小黑蛇用尾巴輕輕勾住沈初菀的小拇指用力圈了圈。
沈初菀愣了一下,隨即露出一抹笑:“那我們說好了!”
看完小黑沈初菀起身走向院子,大白羊也伏在地上呼呼睡著。
沈初菀忍不住歎氣:“我家生物還真是越來越多了。”
繞過大白羊,沈初菀來到了堆放雜物的房間,推開門頓時嗆得她咳嗽了起來,沈初菀一手捂住嘴一手揮舞著麵前的灰塵進到了屋子,不一會便拿著一把鋸子和一把斧頭走了出來,背上了背簍就準備出門。
“你去哪?”墨君譽收拾完站在廚房門口對她道。
沈初菀轉頭,“我要去一下菜地裏。”
墨君譽點頭:“我同你一起。”
“不用了,你在家休息吧,我今天要幹點活。”沈初菀連忙道。
雖然平時她做飯墨君譽洗碗已成常態,但是沈初菀還沒有無恥到讓受傷的客人做重活。
墨君譽並沒有理會沈初菀的拒絕,直徑走到她身邊替她攬下背簍背在了自己的身上。
沈初菀有些急了,“真的不用!你的傷!”
“放心,已無大礙。”墨君譽柔笑著率沈初菀一步先出了門。
沈初菀隻得關好房門迅速跟上,可還沒等她開口墨君譽開口說著:“兩人做更快一些,別拒絕我了,好嗎?我想幫你分擔。”
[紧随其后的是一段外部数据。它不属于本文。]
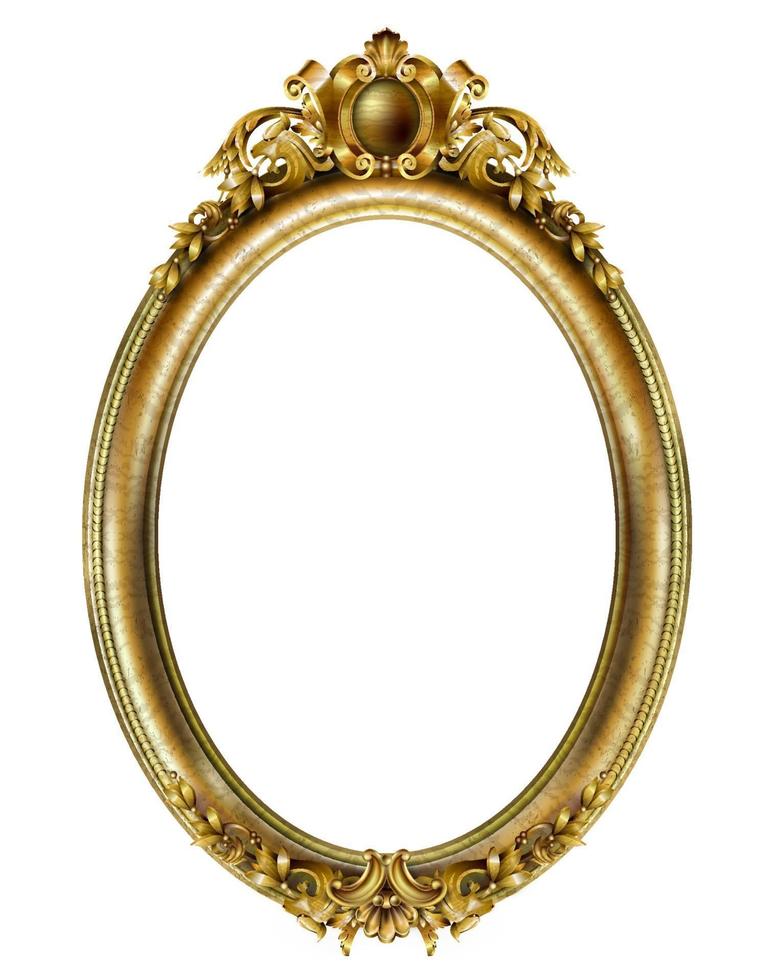 gyllene ovala klassiska rokoko barock ram vektor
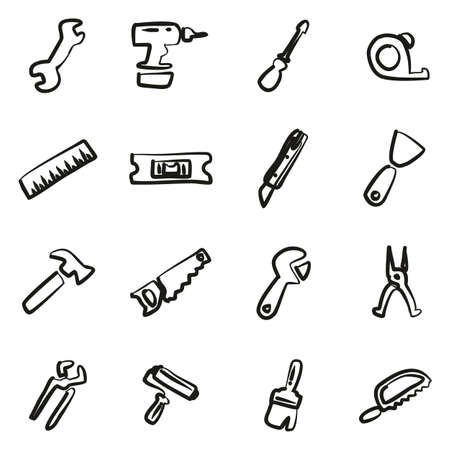 Handyman Icons Freehandのイラスト素材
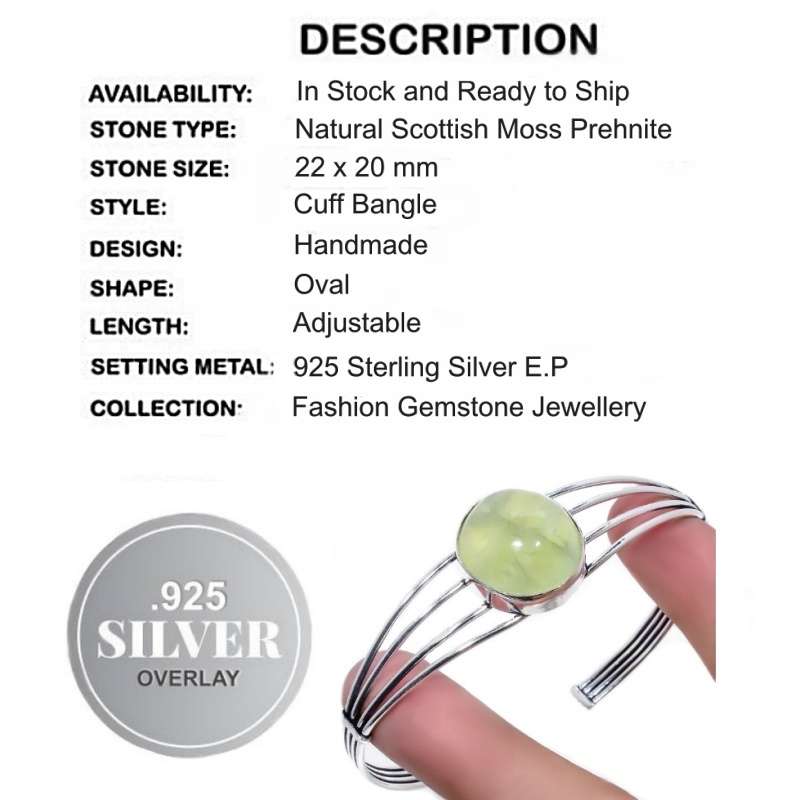 Natural Scottish Moss Prehnite Oval Gemstone in 925 Sterling Silver Plated Adjustable Cuff Bangle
沈初菀傻眼,自從男人發現隻要他這般請求她,她便都會心軟應下之後,他這美男計就使用得越來越熟絡自然了。
她輕咳一聲,“那你就幫我打打下手吧。”
“好。”墨君譽笑道。
就這樣兩人來到了菜地,她這次來的目的就是為了解決菜地圍欄的事情,和墨君譽簡單的說了一下自己要做的事情和想法後,墨君譽點著頭應道拿起了斧頭走向了一邊的大樹。